Budding Kirkcaldy chefs through to next stage of cookery competition

The budding young chefs with judges
The budding young chefs with judges

Six budding young chefs cooked up a storm in the kitchens of Fife College last week in the Kirkcaldy final of the Rotary Young Chef 2019 competition.

A panel of judges including Eadie Manson, television chef and lecturer at the college, James McKay, head chef at The Bay Hotel and Gobinda Kharel, owner and chef at the Annapurna Ghurka restaurant, tasted the dishes, examined the presentation and methods used and, after much deliberation, chose their winners.

The competition is open to young people aged between 13 and 16 years and attracted entries from three of Kirkcaldy’s four secondary schools.

The winners were Mackenzie Graham of Balwearie High School and Jake Ramsay of Kirkcaldy High School; they will now go forward to the District 1010 final on January 26 at Dundee College.

The Rotary Club of Kirkcaldy runs the competition and heats with the help of each school, and hopes it can build year on year to make this competition a real inter-school championship and get more students to participate.

This year 13 students took part in the heats from the three schools. Two pupils from each went forward to the Kirkcaldy final.

The winners will be mentored by the judges in the run-up to the final to help them brush up on their skills.

Sharon Munro, senior vice president of the Rotary Club, said: “I’ve thoroughly enjoyed working with the schools, the home economics teachers and students to make this a great competition.

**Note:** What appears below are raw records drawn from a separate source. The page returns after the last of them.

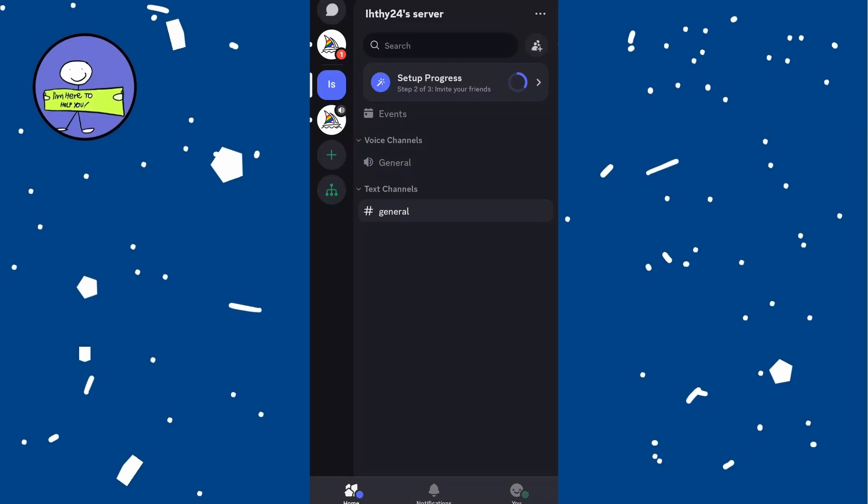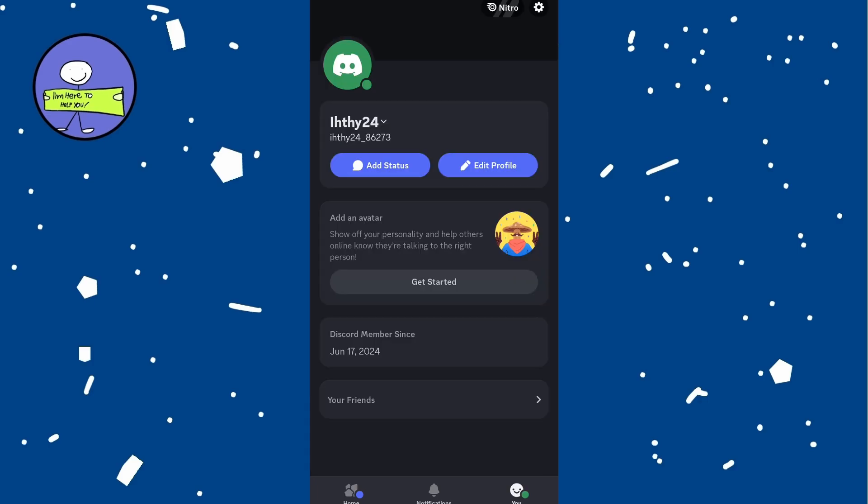In today's video, how to find Discord ID. Open Discord app on your phone and then tap on profile icon at the bottom right of screen.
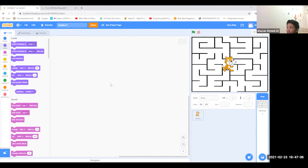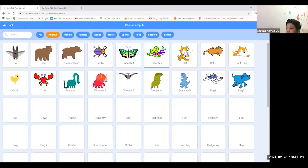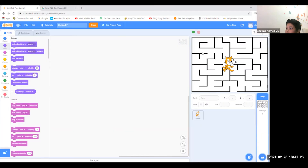Go to codes and keep it there, then choose a sprite. Go to animals and choose the cat.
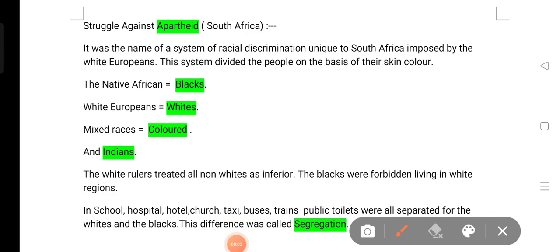Good afternoon you all. Today the topic is struggle against apartheid. This is democracy, that means civics chapter 2. Civics chapter 2 is the topic of struggle against apartheid.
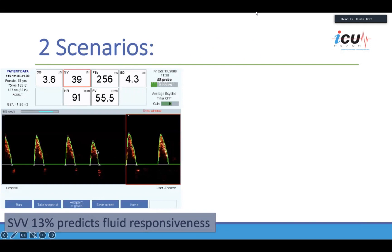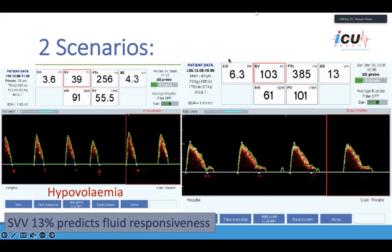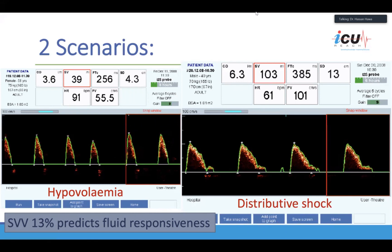Here are two scenarios shown on the ODM screen. In the first, the stroke volume is low at 39, cardiac output is 3.6 — also on the low side — and corrected flow time is 256, where normal is 330. All of this suggests the patient has hypovolemia. On the other hand, if the cardiac output is high, stroke volume on the higher side, and the corrected flow time is widened — meaning it's taking longer for blood to go through and the pulse contour is wide — this suggests vasodilation as seen in distributive shock. A stroke volume variation of 13% has been found to predict fluid responsiveness.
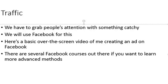I'm just going to show you a basic over-the-shoulder video of me creating an ad on Facebook. And just to let you know, there are several Facebook courses out there if you want to learn more advanced methods, but for now, let me just quickly show you how to create an ad on Facebook.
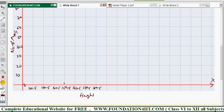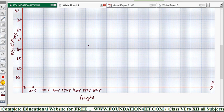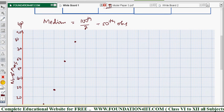Plot all points on the graph: starting at (120.5, 0), then (130.5, 12), (140.5, 28), (150.5, 58), (160.5, 78), (170.5, 92), and (180.5, 100). Each millimeter represents 1 unit (1 pupil) on the y-axis.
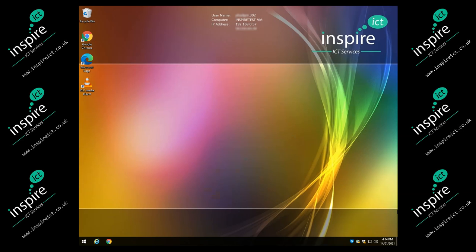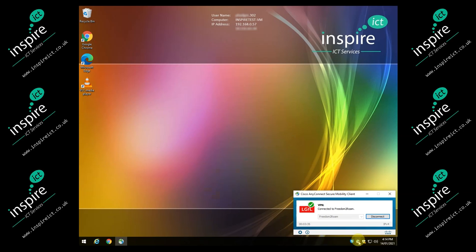If at any time you lose connection with your files and shares, just check the Cisco AnyConnect icon in the taskbar to make sure you're still connected. If not, you can reconnect using this icon. If you're still experiencing difficulties accessing resources, log off, reconnect on the login screen, and then log back onto the machine again.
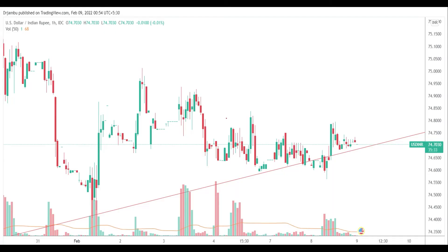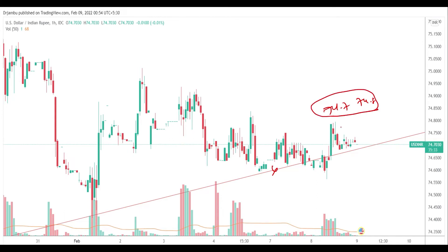First, we will discuss USDINR. If you look at the trend line, we will break the market upside. We will close at higher levels. The market upside target is 74.7 and 74.8. We will talk about the upper levels.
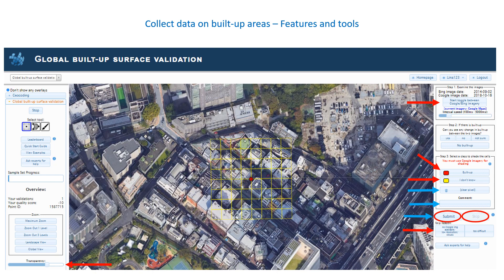Pay attention to the additional zoom levels provided, as they can be very helpful to give you context. You can click the Quick Start Guide button on the left anytime when you need to review our instructions. Click on View Examples to visit our gallery of images with some rules and tips for classifying built-up images. Click on Ask Experts for Help to email us a question. Someone from the GeoWiki team will review your question and post an answer in our Facebook GeoWiki group or write you back.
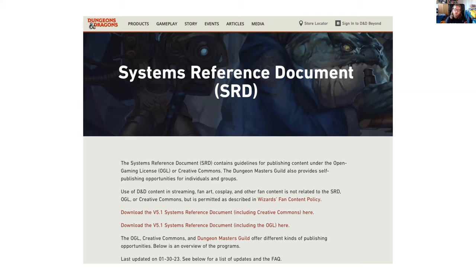Basically what we're going to do is just play with that data a little bit. Within the SRD there are lots of different things — all the details of classes and how to play them, where a class is the type of character you play, whether it be a fighter, a cleric, a ranger, or a wizard magic user.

The standard was exceptional and I’m delighted to know that we have such great talent in Fife who will be our future chefs.

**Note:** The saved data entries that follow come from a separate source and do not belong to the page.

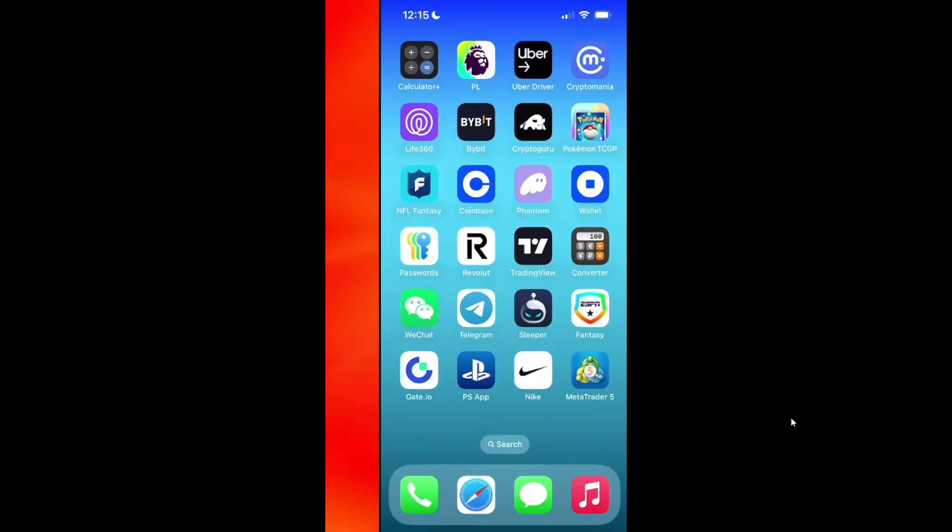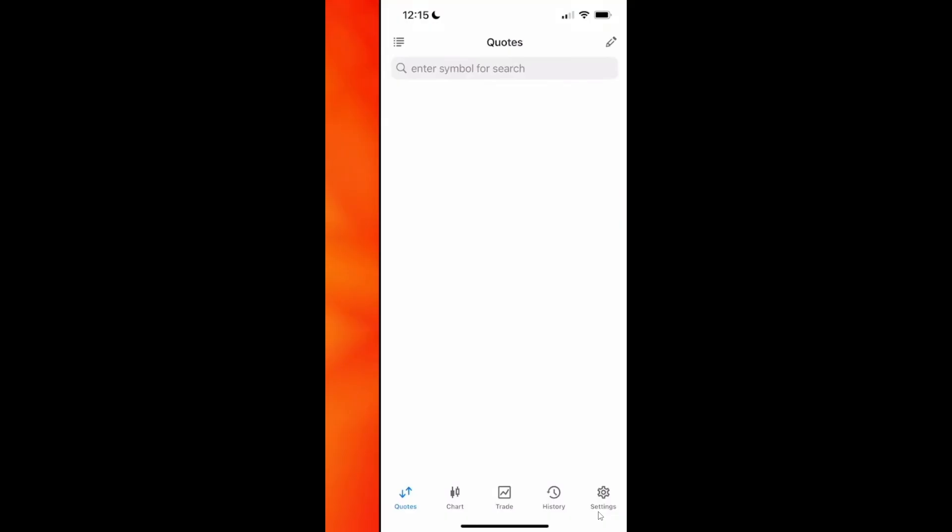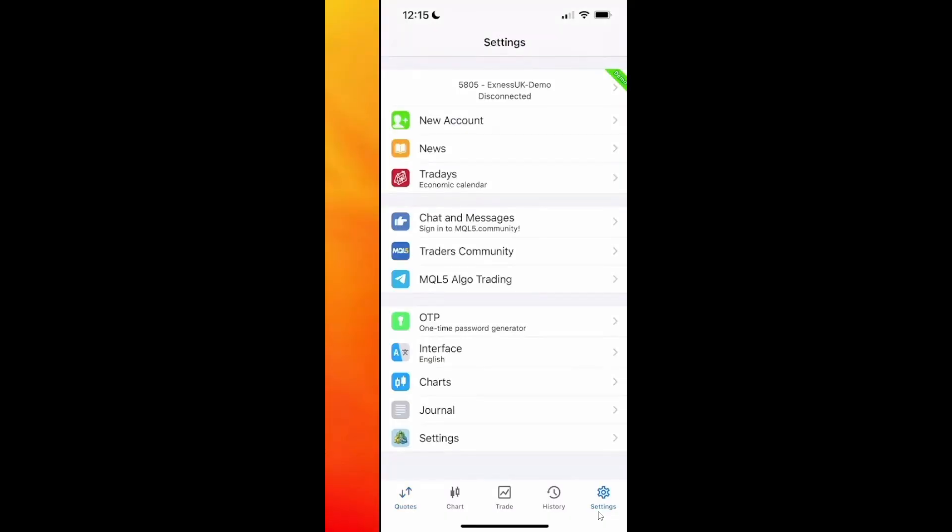Start by opening the MetaTrader 5 app or desktop version. From the home screen, go to settings in the bottom right corner. Next, tap new account to add a broker.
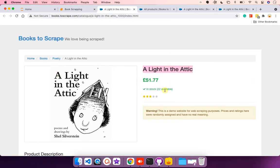In the next video I will show you how to extract these ratings. Keep watching.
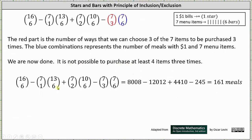The final result is: 16 choose 6, minus the product of 7 choose 1 and 13 choose 6, plus the product of 7 choose 2 and 10 choose 6, minus the product of 7 choose 3 and 7 choose 6, which gives 161 possible meals. I hope you found this helpful.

“Thanks also to Bryan McCabe-Bell and all his staff at the college for the generosity of time and hospitality given.”

Mr McCabe-Bell, director of business, enterprise and tourism at Fife College added: “We were delighted to host the Young Chef of the Year final at our St Brycedale Campus.

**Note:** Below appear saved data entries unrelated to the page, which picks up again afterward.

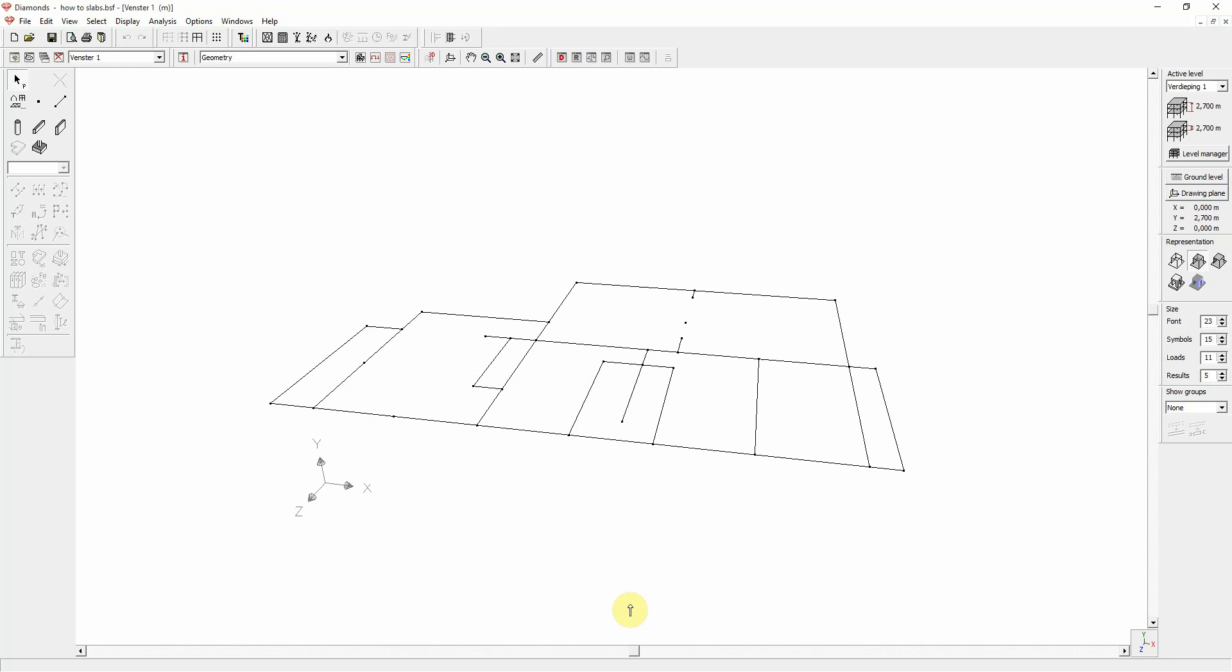Creating a slab or plate in Diamonds starts with drawing or importing the outlines. These are the borderlines or contour lines of the plate. Any contour shape is possible.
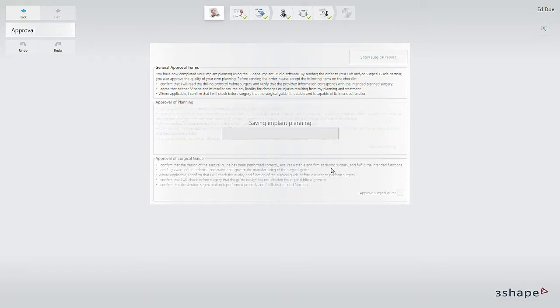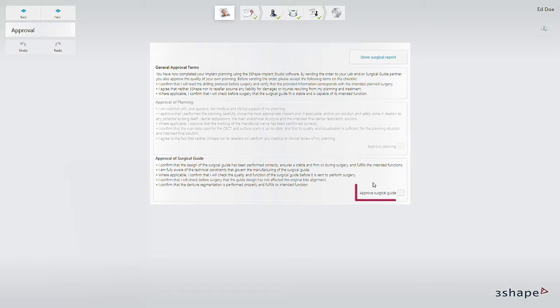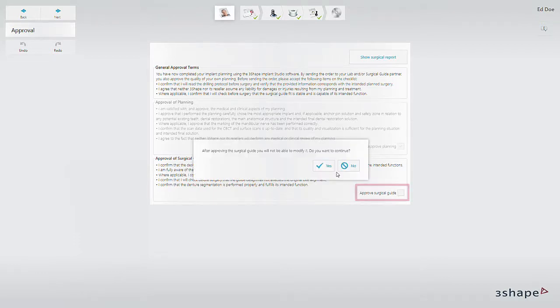With the implant planning approved, you can go on to approve the surgical guide. Once again you need to click yes to acknowledge that you cannot change the guide once you've approved it.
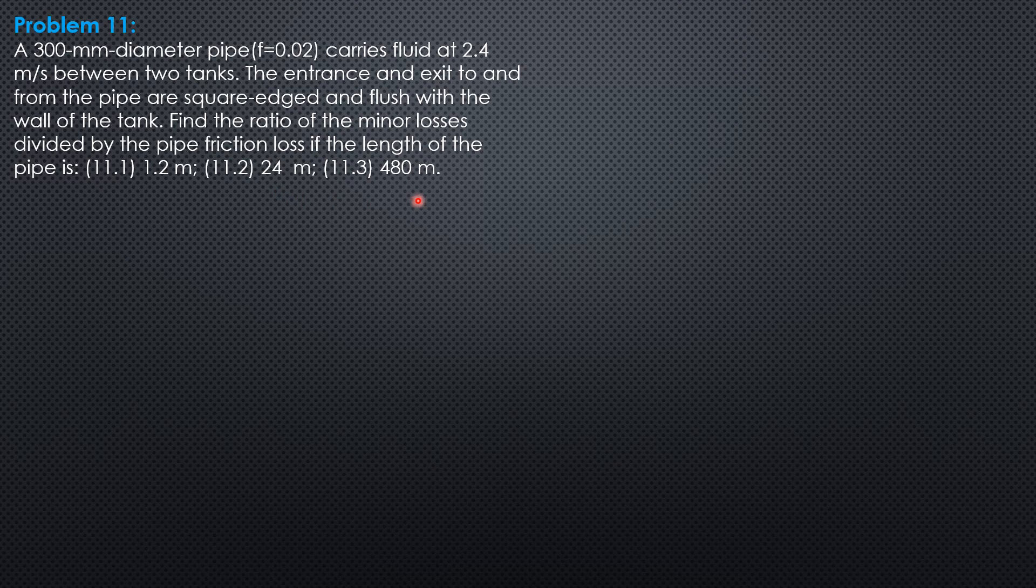Take note that friction loss is fl over d times velocity head, while minor loss consists of loss coefficient times velocity head. The loss coefficient at the entrance when it is square edge is 0.5, and for submerged exit it is 1.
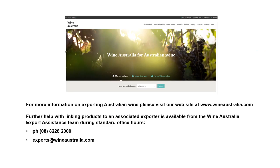This now concludes the link products to an associated exporter training module. Further training modules can be accessed from the Wine Australia website. For any further assistance with your associated exporter processes, please contact the Wine Australia Export Assistance team.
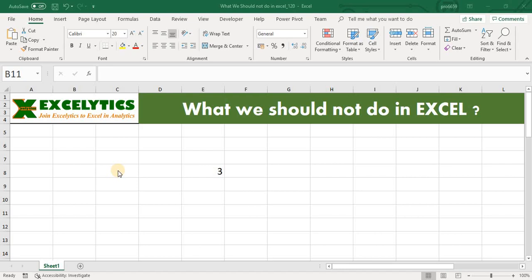Hello friends, welcome to Excelitics. Today we are going to see an interesting topic in Excel. In YouTube we have so many videos to tell you what all we can do with Excel, but today we are going to tell you about what we should not do in Excel.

“All six finalists produced some fantastic dishes, demonstrating a real passion for food which will serve them well should they go on to pursue a career in catering and hospitality.

“Congratulations to the winners on the day, Jake and Mackenzie. I’m sure they will do very well in the next stage of the competition.

“The boys said they were both thrilled to have won and we wish them good luck in the next stage of the competition.”

The nationwide Rotary competition attracts nearly 3000 entrants across Great Britain and Ireland, which is an indication of the skill and talent needed to get through to the national final.

The task for the young chefs is to cook a healthy three-course meal for two people, with a time limit of two hours and a modest budget.

With each round the task becomes increasingly difficult for the young would-be chefs.

Now in its 18th year, the competition is proving a huge success.

The Rotary Young Chef competition was created to give young people across Great Britain and Ireland a chance to showcase their skills in the kitchen.